What to work on
Copy down every line of the data that follows exactly. Omit the pictures.

Data excerpt
__________
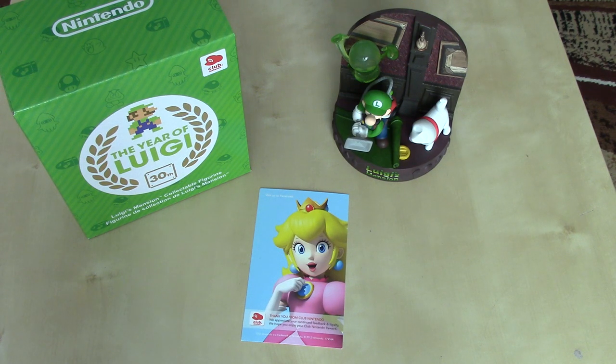So there you have it — this is the limited edition Luigi's Mansion figurine from Club Nintendo, to kind of commemorate the culmination of the year of Luigi in early 2014. If you're looking to pick one of these up, unfortunately I don't think you're going to be able to through Club Nintendo anymore for coins. But there is always eBay — you may want to do an eBay search, and hopefully the prices aren't too astronomical.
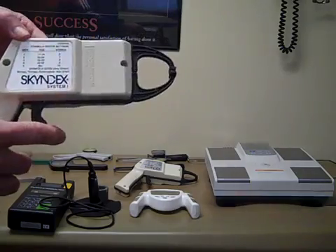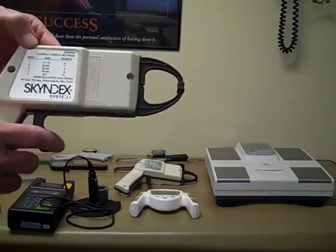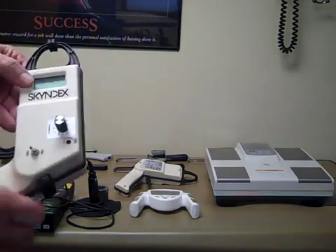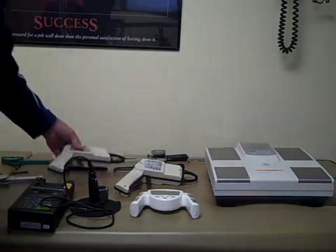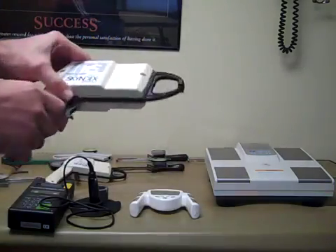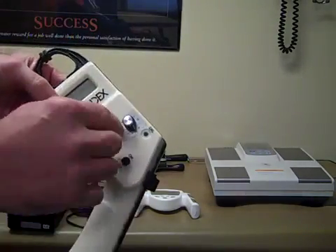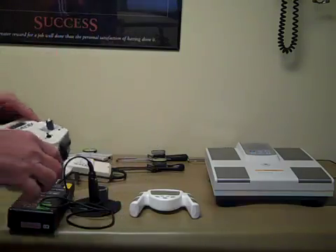Other calipers they have are computerized calipers. This one has the Durnin formula for the different age groups built into the calculator, so as you do your measurement you would get your skin folds and select your equation. This one uses Durnin and Womersley, and this one uses the Jackson-Pollock formulas — you would dial in with the dial and it would tell you each measurement.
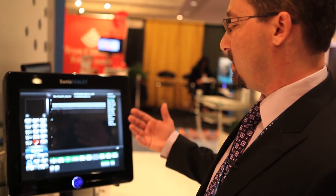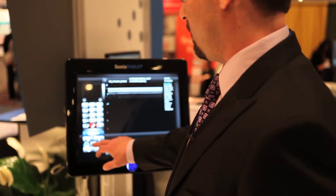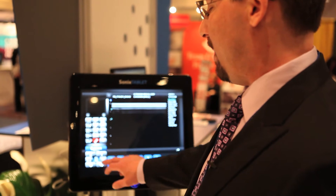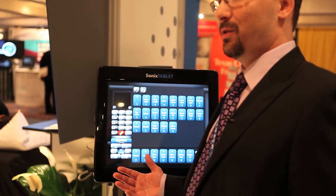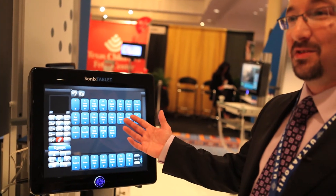Once you hit start you get right into your imaging mode. We've got three menu options: our imaging modes — for example B mode, color, pulse wave, etc. — our imaging adjustment controls menu, and then our favorites menu, which is basically a hybrid combining both. Our tagline as a company is 'ultrasound your way,' and nothing speaks better to that than this screen.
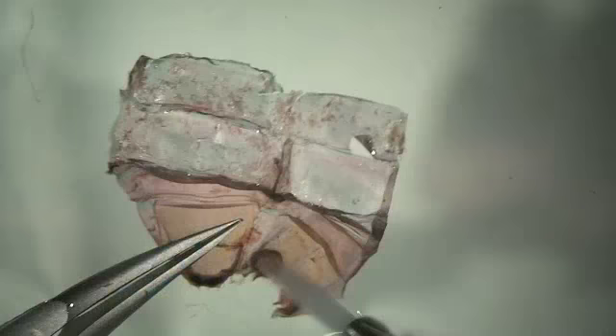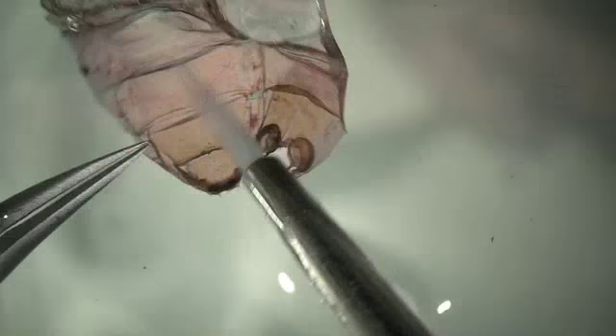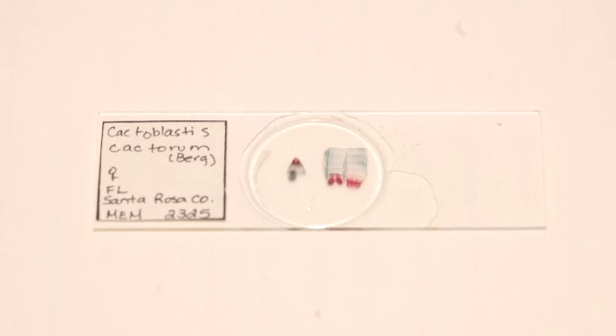The abdomen and genitalia are given a final cleaning before being placed under glass chips in 100% ethanol for positioning the parts and hardening. The slide is made with the same method used for male dissections and labeled accordingly.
__________
Solution to this task
So there you have it — this is the limited edition Luigi's Mansion figurine from Club Nintendo, to kind of commemorate the culmination of the year of Luigi in early 2014. If you're looking to pick one of these up, unfortunately I don't think you're going to be able to through Club Nintendo anymore for coins. But there is always eBay — you may want to do an eBay search, and hopefully the prices aren't too astronomical.
Other calipers they have are computerized calipers. This one has the Durnin formula for the different age groups built into the calculator, so as you do your measurement you would get your skin folds and select your equation. This one uses Durnin and Womersley, and this one uses the Jackson-Pollock formulas — you would dial in with the dial and it would tell you each measurement.
Once you hit start you get right into your imaging mode. We've got three menu options: our imaging modes — for example B mode, color, pulse wave, etc. — our imaging adjustment controls menu, and then our favorites menu, which is basically a hybrid combining both. Our tagline as a company is 'ultrasound your way,' and nothing speaks better to that than this screen.
The abdomen and genitalia are given a final cleaning before being placed under glass chips in 100% ethanol for positioning the parts and hardening. The slide is made with the same method used for male dissections and labeled accordingly.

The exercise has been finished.